I'll be there all 3 days since it is in my hometown I figure why not. Yay! Can't wait!

Reactions: Like 1


----------



## Bigdrowdy1

Yes Sirry Bob ibees there

Reactions: Like 1


----------



## ironman123

@Jolie0708 , your hometown??? You mean they moved SWAT to Axtell without asking me first.

Reactions: Funny 1


----------



## ironman123

Hey Rodney, glad you are going to make it.


----------



## Jolie0708

ironman123 said:


> @Jolie0708 , your hometown??? You mean they moved SWAT to Axtell without asking me first.


I married into axtell.. grew up in speegleville another part of waco


----------



## ironman123

Well @Tony and @Bigdrowdy1 and @Nubsnstubs (I think that was you with the "coyaa" and Curtis from Turn Tex. Glad to get to meet up with you all this year. Short visit for me today but enjoyed it.

Reactions: Like 2


----------



## Jolie0708

ironman123 said:


> Well @Tony and @Bigdrowdy1 and @Nubsnstubs (I think that was you with the "coyaa". Glad to get to meet up with you all this year. Short visit for me today but enjoyed it.


Where are yall?


----------



## ironman123

@Jolie0708 what did you do, come in the back door as I was going out the front door? Some of the guys go to the different seminars. I know Tony and Rodney had one at 10 am.

Reactions: Like 1


----------



## Jolie0708

ironman123 said:


> @Jolie0708 what did you do, come in the back door as I was going out the front door? Some of the guys go to the different seminars. I know Tony and Rodney had one at 10 am.

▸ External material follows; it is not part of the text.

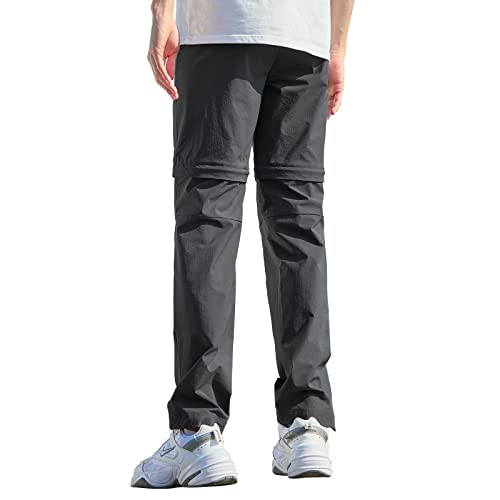 Pioneer Camp Men's Outdoor Convertible Hiking Pants Waterproof Quick Dry Fishing Pant Zip Off Work Trousers（Grey,L） #TOP1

I dunno, I came in the front door,


----------



## ironman123

I might go again in the morning. Did you ever meet up with Tony?


----------



## Jolie0708

ironman123 said:


> I might go again in the morning. Did you ever meet up with Tony?


Haven't found anyone


----------



## ironman123

@Tony you got some one trying to find you. It is Jolie0708 from down the road.


----------



## Jolie0708

ironman123 said:


> @Tony you got some one trying to find you. It is Jolie0708 from down the road.


I just found Jerry's booth.. but it's lunch time


----------



## Jolie0708

I have a Texas ranger tshirt on and husband has a Dallas cowboys shirt on.


----------



## Jolie0708

@Nubsnstubs @Tony Here's my number you can text me. when your not busy.


----------



## Nature Man

Meeting to go to dinner at 5:30pm in Chisolm Hall.

Reactions: Like 1


----------



## Mike Hill

Just you know - I'm living vicariously through y'all - so show us pics!

Reactions: Like 1 | Agree 3


----------



## ironman123

@Mike Hill you could mosey on down here and take your own pictures.


----------



## Jolie0708

Mike Hill said:


> Just you know - I'm living vicariously through y'all - so show us pics!


I'll try and get some tomorrow


----------



## 2feathers Creative Making




----------



## Mike Hill

ironman123 said:


> @Mike Hill you could mosey on down here and take your own pictures.


And you wish for me to be murdered? Today is my wife's burfday and you have the audacity to suggest that I make a comment like - " hey hon - happy birthday! How about you and I jump into the jeep and drive to wacko so we can go to SWAT! It'll be fun and we'll meet lots of woodturners. ". Not sure if I could get all of the invitation out before my bell would be rung!

Reactions: Funny 1


----------



## Nubsnstubs

You asked for pictures. Here are two.. George, Wendel, Shorty, Rodney, Carl and Jolie. 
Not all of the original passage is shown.